• TASK TO COMPLETE: What you need to produce from the material below is an exact transcription of the lines from the one with "COURIER DELIVERY. Rainbow" through the one with "Pink Purple Hoops", both included, and no other line.

*** RECORDED DATA ***

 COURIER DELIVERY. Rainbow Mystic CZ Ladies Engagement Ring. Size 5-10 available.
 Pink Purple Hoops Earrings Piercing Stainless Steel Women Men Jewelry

*** End of RECORDED DATA ***
*** RECORDED DATA ***

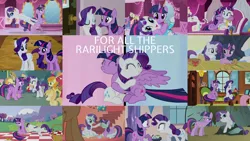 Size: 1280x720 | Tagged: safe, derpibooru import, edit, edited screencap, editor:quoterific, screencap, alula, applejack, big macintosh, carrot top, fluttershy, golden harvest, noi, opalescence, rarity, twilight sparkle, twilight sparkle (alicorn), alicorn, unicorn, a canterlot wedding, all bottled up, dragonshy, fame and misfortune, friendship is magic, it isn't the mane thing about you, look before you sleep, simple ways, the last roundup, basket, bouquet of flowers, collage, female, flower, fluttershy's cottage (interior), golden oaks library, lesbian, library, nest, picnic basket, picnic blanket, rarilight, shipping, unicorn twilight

*** End of RECORDED DATA ***
*** RECORDED DATA ***

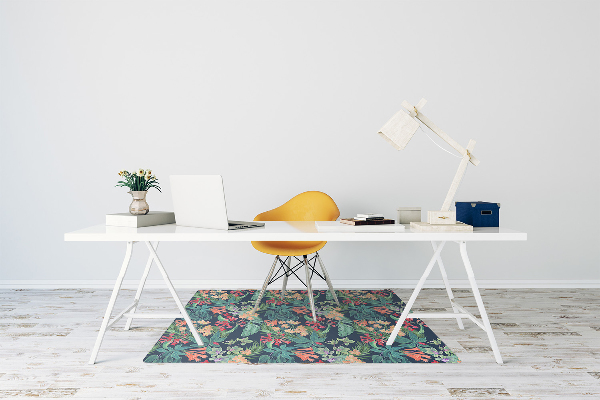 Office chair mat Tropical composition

*** End of RECORDED DATA ***

• TASK OUTPUT:
 COURIER DELIVERY. Rainbow Mystic CZ Ladies Engagement Ring. Size 5-10 available.
 Pink Purple Hoops Earrings Piercing Stainless Steel Women Men Jewelry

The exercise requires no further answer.